Fitz and the Tantrums Prove That Their Success is More Than Just a Dream
BB Gun Press

Fitz and the Tantrums Prove That Their Success is More Than Just a Dream

Before a recent radio-sponsored holiday arena show outside her native Denver, Fitz and the Tantrums co-singer Noelle Scaggs couldn't help but grin as she took a glance at the roaring crowd from the backstage area. The sound of their growing mainstream success was almost deafening. While they drew strong crowds across the country this year, hearing the crowd in her home state screaming and singing along was unlike anything she had experienced in the band's most successful year to date.

"I didn't realize we had so many fans in Colorado, and for me, [that] was the first time the crowd was so loud I was basically taken aback," she explains over the phone from her current home in LA.

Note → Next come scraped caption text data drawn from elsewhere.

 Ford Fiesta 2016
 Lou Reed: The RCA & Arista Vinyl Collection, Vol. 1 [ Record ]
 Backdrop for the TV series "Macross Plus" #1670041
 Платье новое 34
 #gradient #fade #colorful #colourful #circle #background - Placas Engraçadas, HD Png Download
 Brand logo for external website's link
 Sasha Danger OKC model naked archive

Their sophomore effort, More Than Just a Dream, was released in 2013 to tepid critical reviews. But commercially, the album has been a rousing success, spawning two hit singles in "Out of My League" and "The Walker," which was featured as the theme song for the 2014 World Series. Fitz and the Tantrums were also one of the most played bands on radio this past year, as they grew from a Los Angeles neo-soul favorite to a pop band. "This record picked up a lot of steam for us since it was released," Scaggs says. "It's been our thing since the beginning of this band to hit the road running and get our music out as far as possible."

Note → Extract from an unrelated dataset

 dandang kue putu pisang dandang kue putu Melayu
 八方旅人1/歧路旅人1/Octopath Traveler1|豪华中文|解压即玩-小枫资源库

For the better part of the past year, Fitz and the Tantrums have taken their energetic show on the road. A couple of years removed from the recording process, Scaggs says, the band were confident and proud of the songs they had written for this album, but they weren't sure it would translate to the masses. "The record could have easily not done well because we really focused these songs [to be] very pop-friendly," she says. "We've always done pop music, but because there was a retro-soul/'80s-new-wave-inspired sound, we were being pigeonholed by a lot of people. We wanted to show we were more than just a trend that was happening at the time, and we're glad it translated the way it did."

Fitz and the Tantrums rarely take time off, but when they do, they can hardly sit still. During the band's recent lull in activity, Scaggs has been busy writing songs and working on her food blog. And so far for 2015, the only tour dates on the books are two shows in South America. But first, the singer says, the sextet plan to take a few months off before beginning in the spring to work on their third album.

Even with the growing expectations surrounding their next album, Scaggs can't help but relish what Fitz and the Tantrums have accomplished thus far. Though she and her band mates remain sharply focused on writing music they're proud of, seeing success so tangibly--as they did in Colorado--is what excites them six and a half years into their career. "We've climbed our way to where we are now, and it's rewarding to see both our old fans and new ones take a chance on us," she says. "I'm a fan of watching the growth of any band, and when it's your own band, it's hard to put into words and define."

Fitz and the Tantrums perform at the Downtown Long Beach New Year's Eve Celebration, on Pine Avenue, between First and Fourth streets, Long Beach. Wed., 11:20 p.m. $35. All ages.